Transcribed word for word, the lines below from the one with "Cliente che parla" through the last line of the records form the answer; no picture is to be included.
Start of Supplied records
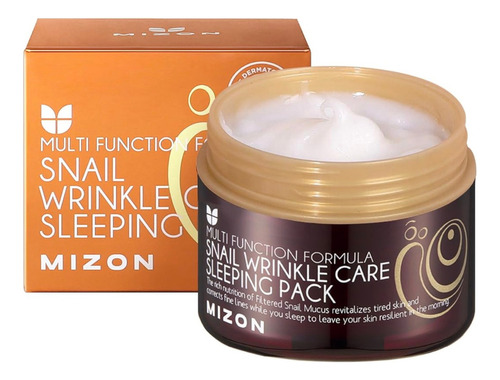 Crema Nocturna Reparadora De Arrugas Mizon 80 Ml Momento De Aplicación Noche Tipo De Piel Todo Tipo De Piel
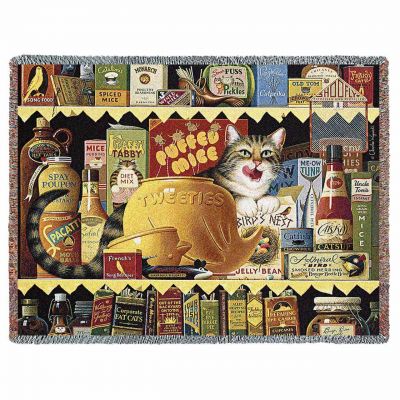 Ethel the Gourmet Blanket by Artist Charles Wysocki 54x70 inch - 666576717370 - 7123-T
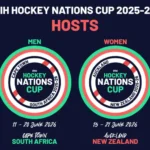 New Zealand and South Africa to host FIH Hockey Nations Cup 2025-26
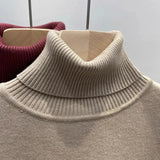 Sweater Women Winter Thick Plush Fleece Lined Knit Pullover Warm Soft Knitwear Jumper Slim Sueter Top New Malhas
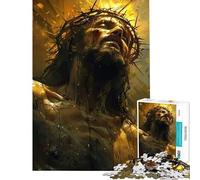 Puzzle da 1000 pezzi per ragazzi raffigurante il sacrificio di Gesù Gioco divertente e stimolante ideale come regalo di compleanno per tutta la famiglia (dimensioni 38x26cm)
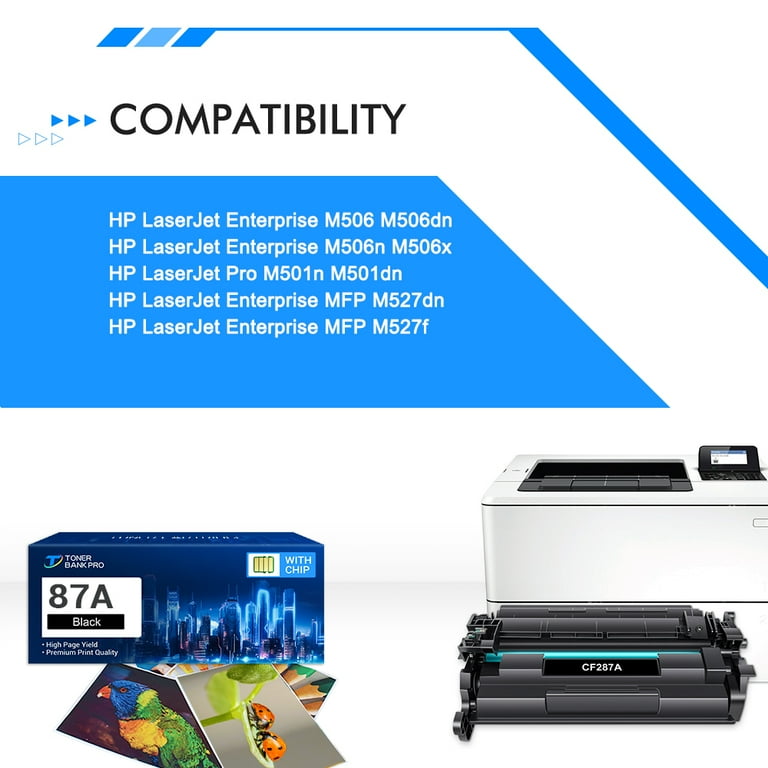 87A Black Toner Cartridge Compatible for HP 87A CF287A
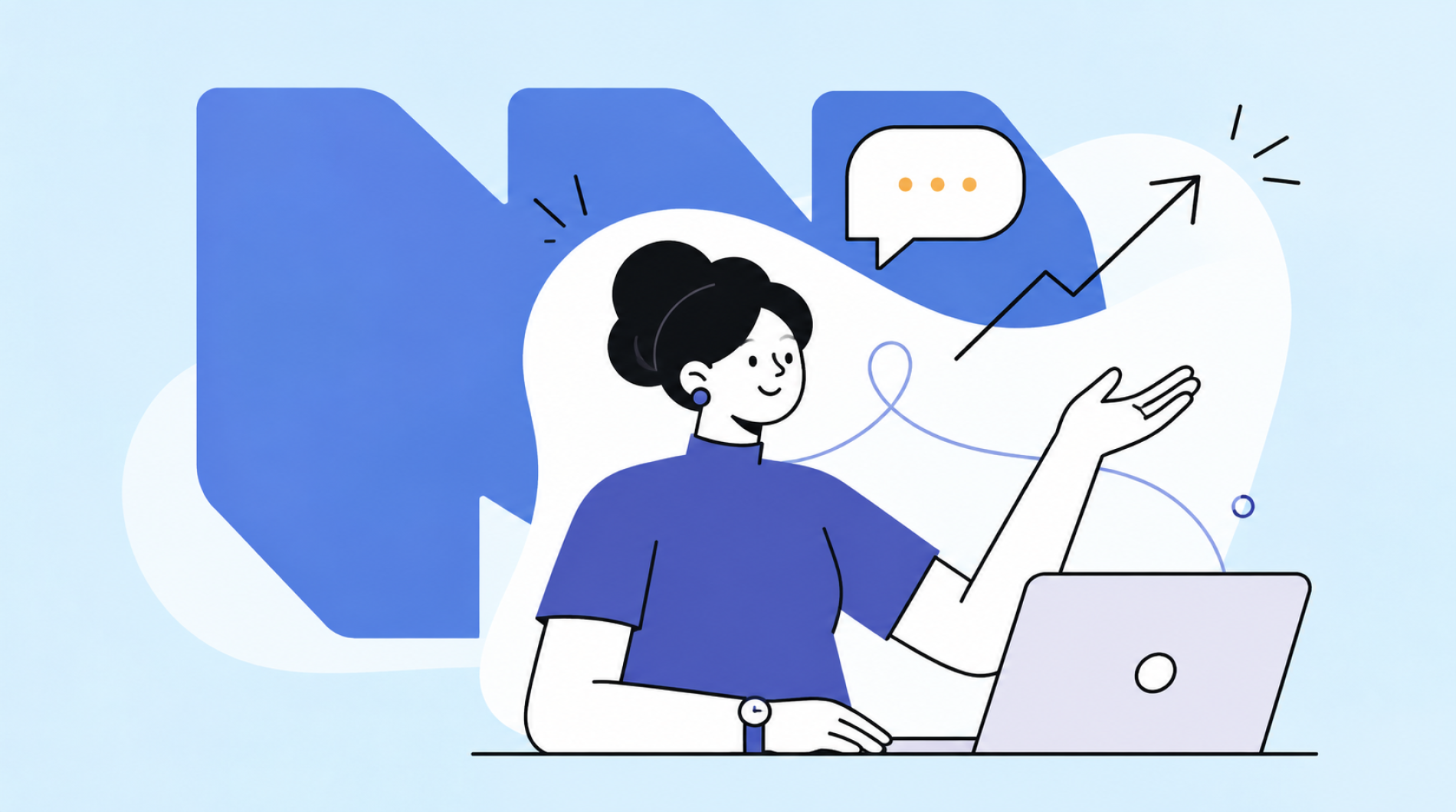 Cliente che parla con un consulente immobiliare davanti a un laptop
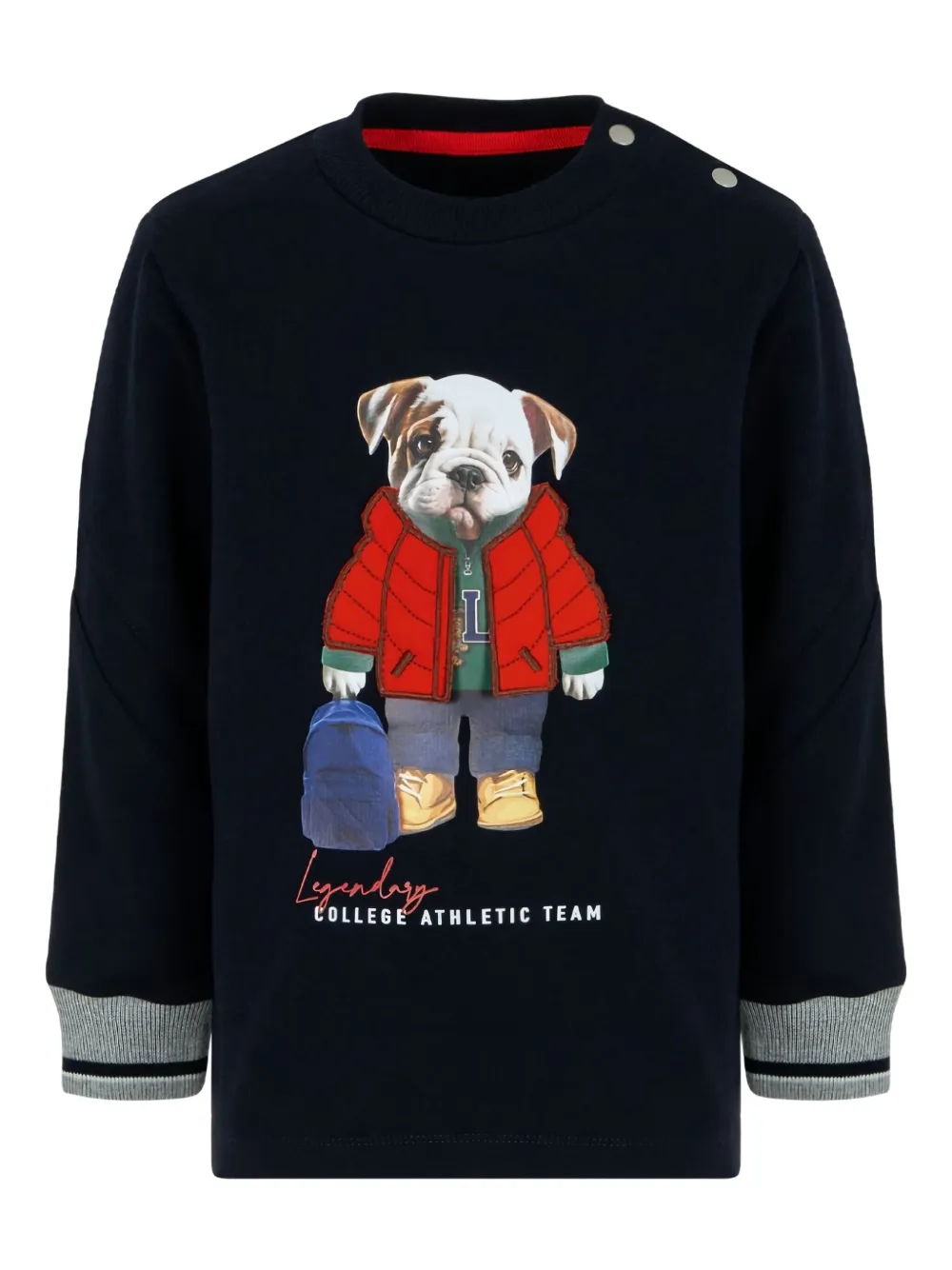 Lapin House Bulldog-print Tracksuit Set In Black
End of Supplied records
→ Written solution:
 Cliente che parla con un consulente immobiliare davanti a un laptop
 Lapin House Bulldog-print Tracksuit Set In Black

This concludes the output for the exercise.